*Description of the task:* An exact copy of the records below is required, and it must contain no pictures.

*Records for this task:*

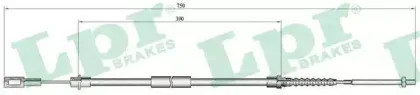 C0643B LPR
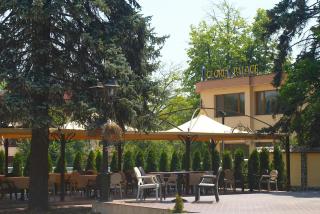 Hotel Gloria Palace Diplomat - Sofia - 8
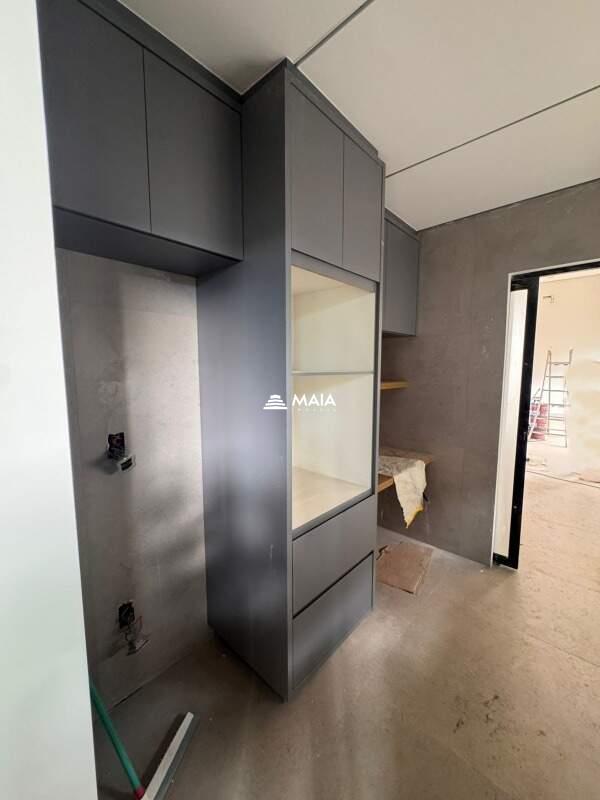 Casa de Condomínio à venda no Damha III - Res. Uberaba: 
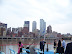 MBA Dinner Cruise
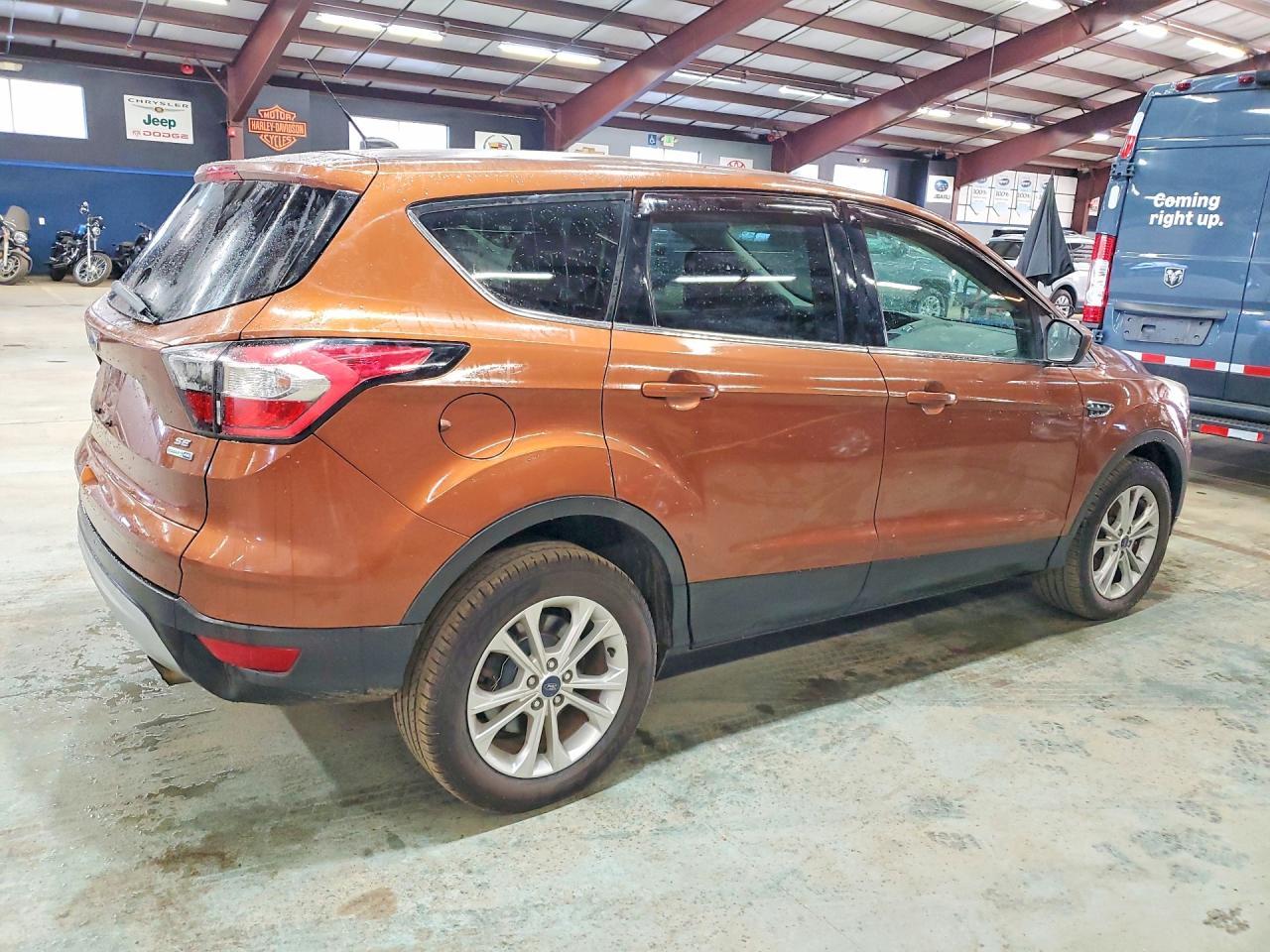 FORD ESCAPE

*Output of the task:*
 C0643B LPR
 Hotel Gloria Palace Diplomat - Sofia - 8
 Casa de Condomínio à venda no Damha III - Res. Uberaba: 
 MBA Dinner Cruise
 FORD ESCAPE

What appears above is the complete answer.